What’s the secret to these healthy, whole wheat chocolate muffins? AVOCADO! The healthy fat makes these muffins irresistibly moist but still healthy enough for breakfast!
- 1 1/2 cups whole wheat pastry flour
- 1/2 cup cocoa powder
- 1 tsp baking powder
- 3/4 tsp baking soda
- 1/2 tsp salt
- 1 ripe avocado
- 1/2 cup agave nectar
- 3/4 cup almond milk (unsweetened)
- 1/3 cup coconut oil, melted
- 1 tsp vanilla
- 1/3 cup mini dark chocolate chips
- Preheat the oven to 350.
- Combine the pastry flour, cocoa, baking soda, baking powder, and salt. Set aside.

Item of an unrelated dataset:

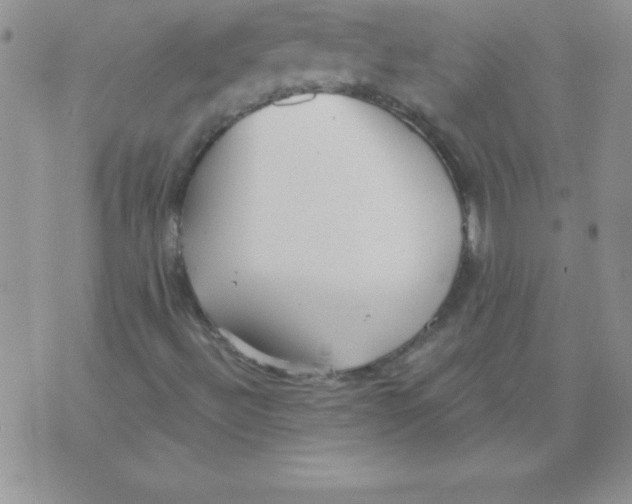 X0000071961492200607282020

- In a food processor, blend the avocado, (peeled and pitted of course) with the agave, almond milk, coconut oil, and vanilla.
- Add the wet ingredients to the dry ingredients and stir until combined.

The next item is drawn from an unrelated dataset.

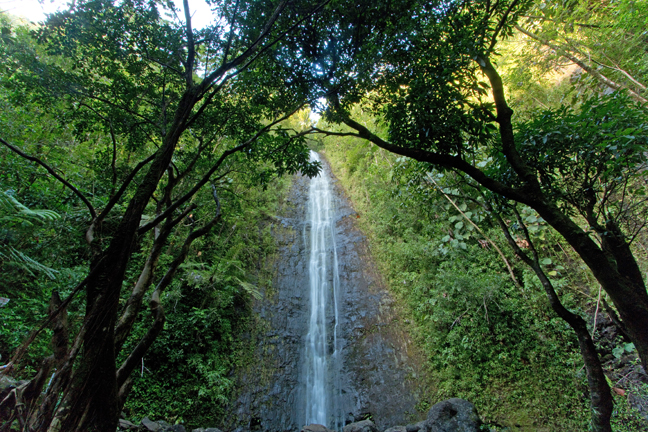 Manoa Falls, Oahu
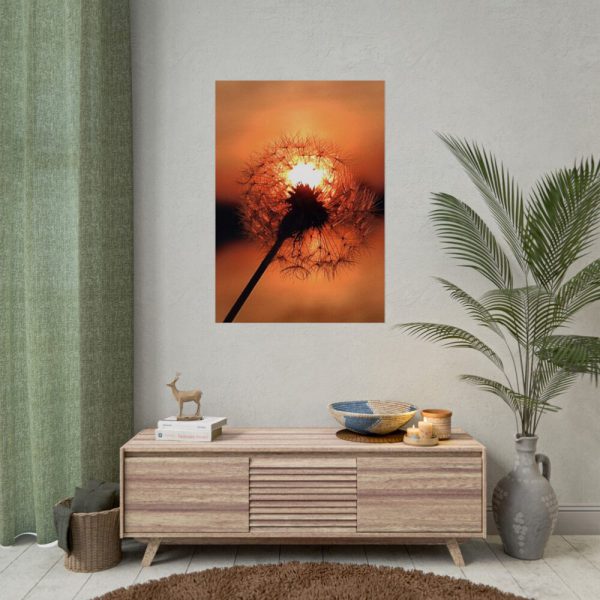 Dandelion in Sunset Poster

- It might be a bit lumpy but just make sure you don’t have dry pockets of flour.
- Stir in the chocolate chips.
- Spoon the mixture into a mini muffin tin. Mine made about 20 mini muffins.
- Bake for 12-17 minutes, or until a toothpick comes out clean. (Mine took about 14 minutes.) Do NOT over bake or they’ll dry out and be more crumbly rather than fudgey.